The soup was delicious. It had fennel, celery, carrots, onions, potatoes, white beans and chopped kale. I like a chunky soup.
Kind of want to put that on a T-shirt. Moving on…
So, is kale, like, over? Are we still obsessing? My Google search tells me yes, and we’re also still big on making cauliflower the new potato. Avocado and quinoa are still big foodie hits, too.
They’re also funny words to say. Avocado. Quinoa.
On Monday, it was minus 10 degrees Fahrenheit in Cleveland when I woke up. Tuesday, we were sitting pretty at minus 2. I really can’t complain. There’s fewer than 10 inches of snow on the ground in my area. I just add another sweater. I’m a Midwesterner. You learn to deal with it. It’s winter. Put on a hat and stop freaking out.

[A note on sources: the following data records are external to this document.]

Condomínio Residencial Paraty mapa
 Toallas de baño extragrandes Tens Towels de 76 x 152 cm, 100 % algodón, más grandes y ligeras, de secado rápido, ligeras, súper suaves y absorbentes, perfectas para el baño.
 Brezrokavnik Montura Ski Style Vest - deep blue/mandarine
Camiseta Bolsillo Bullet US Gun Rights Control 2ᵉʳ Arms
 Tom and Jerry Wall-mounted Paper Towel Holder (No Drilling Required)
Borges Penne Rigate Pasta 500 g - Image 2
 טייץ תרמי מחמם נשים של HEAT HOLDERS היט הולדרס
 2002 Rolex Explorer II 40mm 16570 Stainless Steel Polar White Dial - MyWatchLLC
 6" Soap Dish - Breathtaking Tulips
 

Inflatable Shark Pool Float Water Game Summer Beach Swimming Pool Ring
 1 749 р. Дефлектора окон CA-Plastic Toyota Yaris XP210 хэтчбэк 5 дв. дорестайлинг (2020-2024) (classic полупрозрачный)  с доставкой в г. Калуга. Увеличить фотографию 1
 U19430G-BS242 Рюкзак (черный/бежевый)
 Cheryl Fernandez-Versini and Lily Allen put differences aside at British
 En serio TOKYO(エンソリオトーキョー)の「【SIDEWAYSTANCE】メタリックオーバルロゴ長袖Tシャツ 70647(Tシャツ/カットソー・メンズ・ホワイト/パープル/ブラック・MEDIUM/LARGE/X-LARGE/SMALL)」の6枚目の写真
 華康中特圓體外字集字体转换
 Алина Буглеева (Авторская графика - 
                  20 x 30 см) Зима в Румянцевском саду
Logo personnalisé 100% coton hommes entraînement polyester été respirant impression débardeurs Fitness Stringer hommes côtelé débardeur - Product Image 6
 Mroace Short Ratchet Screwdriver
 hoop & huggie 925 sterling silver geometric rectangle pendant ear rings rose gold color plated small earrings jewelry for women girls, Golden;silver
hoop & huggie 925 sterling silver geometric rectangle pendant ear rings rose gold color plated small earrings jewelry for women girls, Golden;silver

Pasta, in my opinion, is kind of hard to mess up. I mean, it is totally possible, but still at the end of the day you’re eating noodles, and I can’t say I’ve met a noodle I didn’t like or at least tolerate.
Chorizo & kale pasta, makes four servings
1/2 pound dried pasta, variety/shape doesn’t matter
2 links of chorizo sausage, sliced into half-moons
1 tsp. unsalted butter (optional)
1 large shallot, finely diced
1/4 bag kale, washed and chopped into bite-sized pieces
1 Tbs. all purpose flour
1/8 cup white wine
1/3 cup water in which the pasta was boiled
splash of Half-N-Half
salt & pepper to taste
1. Cook pasta according to directions on package. Set aside.
2. In large skillet, cook the chorizo and onions, letting the fat from the sausage gather in the pan. When sausage is starting to brown in parts and the onions are tender, add the flour and make a roux in the pan (add butter before the flour if the sausage isn’t giving off enough fat). Cook the flour for about 3-4 minutes.
3. Add the wine and stir to combine. Add the water, cream and kale. Let simmer for 10 minutes. Add pasta and coat in the sauce. Add salt & pepper to taste.
4. Serve hot with fresh shavings of Parmesan cheese if you so desire.